La justice du Quai

Bernard-Louis Laporan produit un article où il analyse le rôle du Quai d’Orsay sur l’affaire Marongiu.  Une politique à géométrie variable selon le lieu et les interlocuteurs.

 

Honni soit ceux qui osent dénigrer les services diplomatiques !

 Il est limpide que les affaires étrangères françaises ne sont pas des autorités judicaires, ni en France ni au Qatar, et qu’elles n’ont pas compétences à traiter ni affaires juridiques ni  judiciaires. Il semble en être de même pour « le conseiller juridique » (anciennement son avocat-conseil) de l’ambassade de France au Qatar. Qui se ressemble…

Madame le Ministre Helen Conway-Mouret le 19 novembre 2013 : « Les campagnes de dénigrement dont font l’objet nos services diplomatiques et consulaires au Qatar sont injustes et infondées. Je veux exprimer une nouvelle fois la confiance du Gouvernement envers ce personnel qui se dévoue au sein de nos services à l’étranger, pour protéger et défendre nos compatriotes lesquels sont tenus, faut-il le préciser, de respecter la législation en vigueur dans les pays dans lesquels ils résident. » 

Mais tout de même, si nos autorités diplomatiques ne sont pas ni des avocats ni des juges, il semble qu’elles aiment à compenser ce manque en jouant les justiciers,  comme on peut le lire dans les points de presse ci-dessous :

Point de presse du quai d’Orsay du 20 janvier 2014 : 4. Indonésie – Libération de M. Michaël Blanc.

Q – Quel est aujourd’hui le plus ancien détenu français à l’étranger, dans quel pays et pour quelles raisons est-il prisonnier ? Merci aussi de nous préciser le nombre aujourd’hui de Français détenus dans des prisons dans le monde, est-ce toujours 2.000 ?
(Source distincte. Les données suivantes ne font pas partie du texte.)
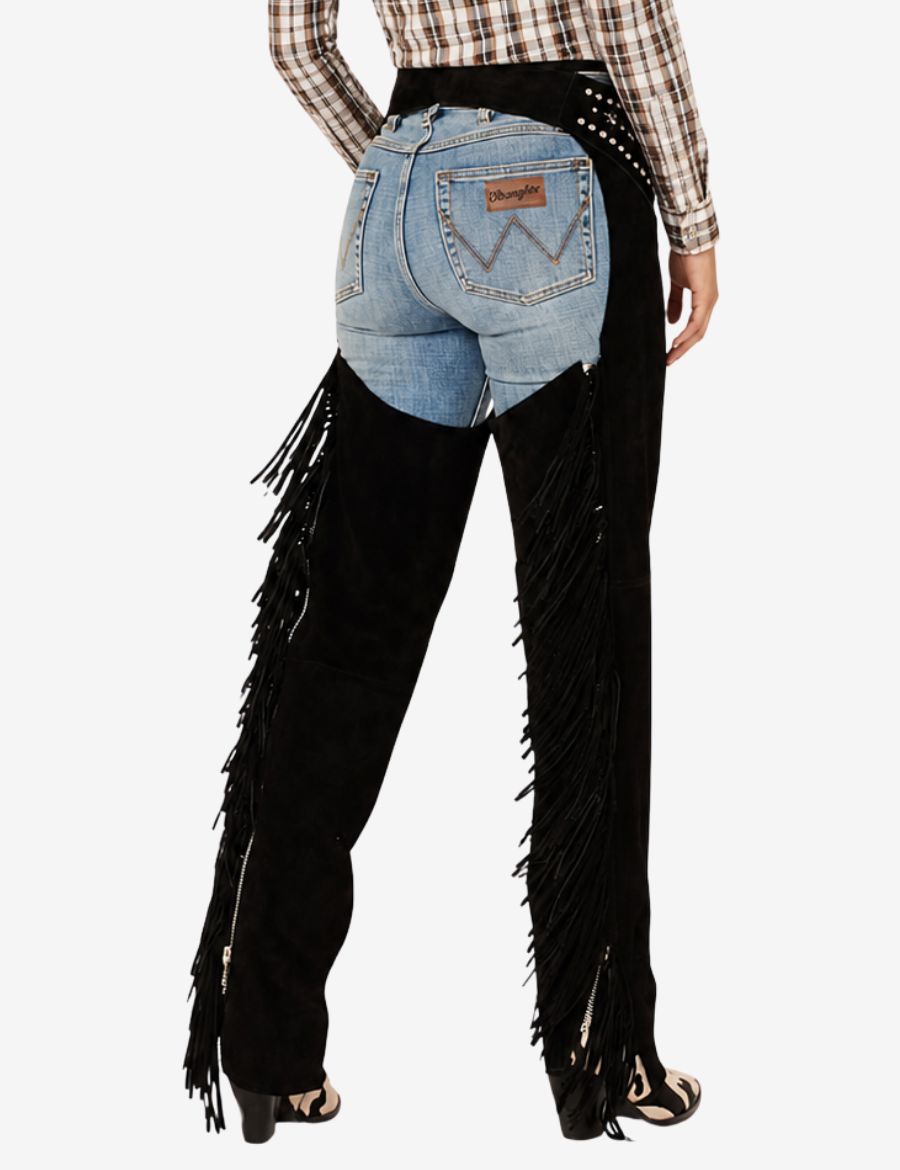 Back view of black cowgirl assless chaps with long fringe styling over blue denim jeans.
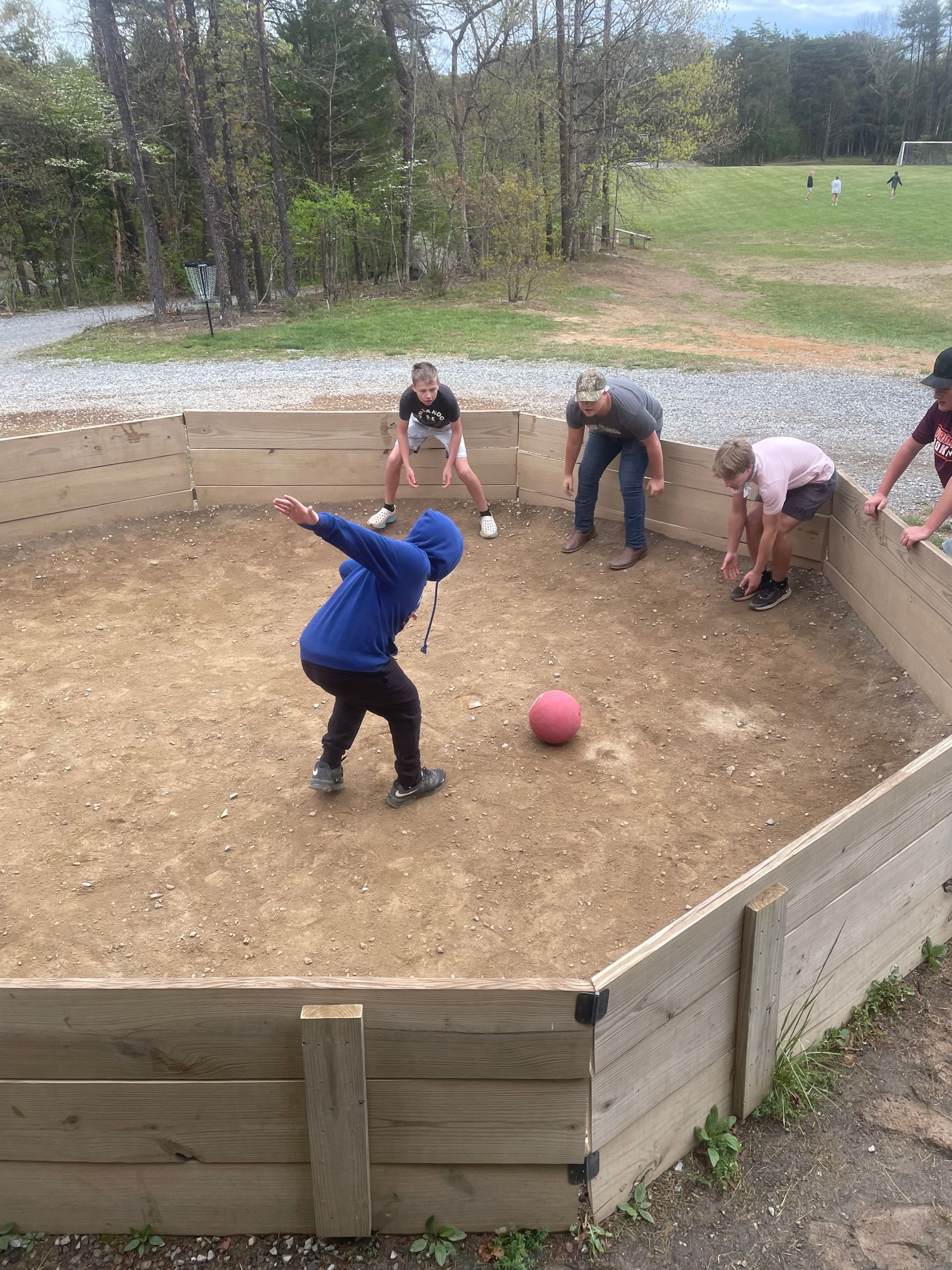 Teenagers playing bocce in a dirt court, with a red ball near the center.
R – 2.198 de nos ressortissants sont aujourd’hui détenus à l’étranger. La situation de chacun d’entre eux est suivie avec la plus grande attention par les services du ministère des affaires étrangères et par nos ambassades et consulats qui leur assurent au quotidien la «protection consulaire» : visites sur leur lieu de détention pour s’assurer de leur état de santé et de leurs conditions de détention, présence aux audiences judiciaires, aide et soutien aux familles.

S’agissant de votre première question, nous ne communiquons pas sur l’identité ou la situation personnelle des détenus, par respect de leur vie privée et de leur famille.
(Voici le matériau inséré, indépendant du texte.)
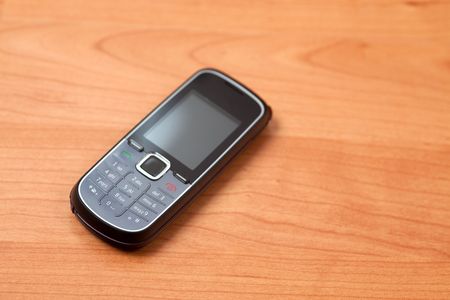 mobile phone on wooden backgroundの写真素材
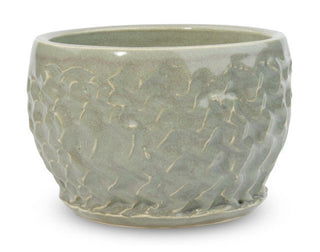 Sage is an opaque, warm gray green glaze that has subtle, frothy tones of pink. Amaranth Stoneware Canada.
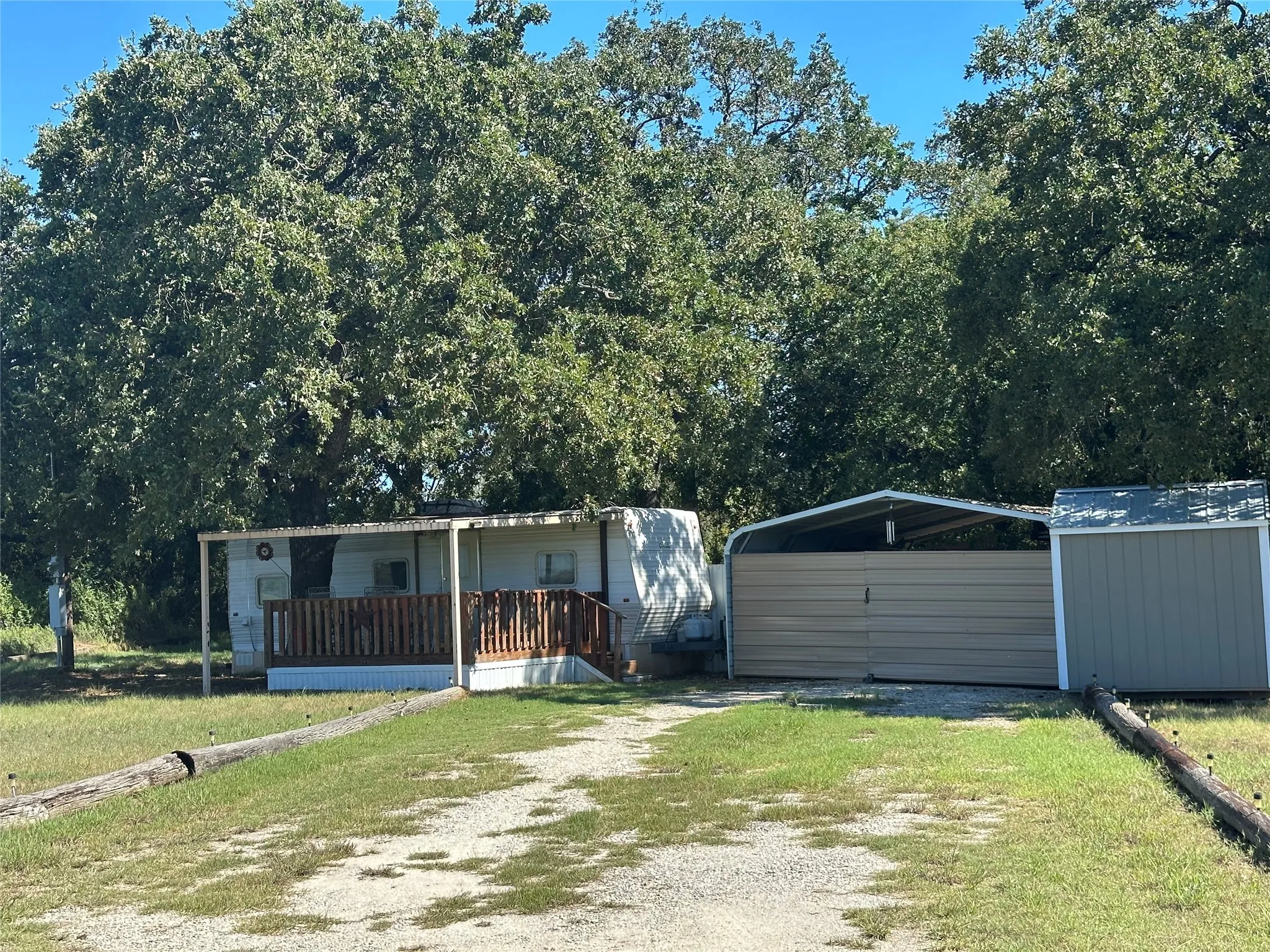 View of front of property with a storage shed, a porch, and a front yard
Il apparait que ce qui est applicable à 2.198 ressortissants français  détenus à l’étranger concernant le respect de leur vie privée et de leur famille ne le soit pas à ceux qui sont détenus au Qatar, comme on peut le lire dans les déclarations et points de presse ci-dessous :

 Qatar – Rétention de ressortissants français – Réponse de la ministre déléguée chargée des Français de l’étranger, Mme Hélène Conway-Mouret, à une question au Sénat (Paris, 19/11/2013)

M. Marongiu, en revanche, est détenu après une condamnation pénale. Les conventions internationales nous interdisent de nous immiscer dans les affaires pénales qatariennes. Notre consulat a toutefois proposé de lui rendre visite, et l’ambassade a veillé à ce qu’il dispose d’un avocat. Il a obtenu à titre exceptionnel du procureur général du Qatar un avocat commis d’office pour l’affaire des chèques sans provision pour laquelle il n’en disposait pas.

 On pourra noter que Madame la Ministre n’hésite pas à déclarer que Jean-Pierre Marongiu est soumis à une condamnation pénale et qu’il est partie d’une affaire de chèques sans provisions. On peut aussi noter qu’elle ne dit pas la vérité à propos de l’avocat qui en réalité n’a pas été trouvé par l’ambassade et n’a pas été commis d’office mais trouvé par Jean-Pierre et un de ses amis français du Qatar.

Peut-être aurait-elle du succès dans les rôles de Wonder-Woman ou de Cat-Woman, les femmes justicières?

 

Son Excellence dans le Gulf Times du 26 octobre 2013

Pour la bonne bouche, venons en a la déclaration inoubliable de son excellence l’ambassadeur de France dans Gulf-times, (Deux jours après la diffusion d’envoyé spécial « la face cachée du Qatar »  sur France 2).

When probed about the cases of French citizens, including footballer Zahir Belounis, trainer Stephane Morello and entrepreneurs Nasser al-Awartany and Jean-Pierre Marongiu who reportedly could not leave Qatar unless they resolved their issues with their local sponsors, the ambassador said that he was “optimistic” about the outcome.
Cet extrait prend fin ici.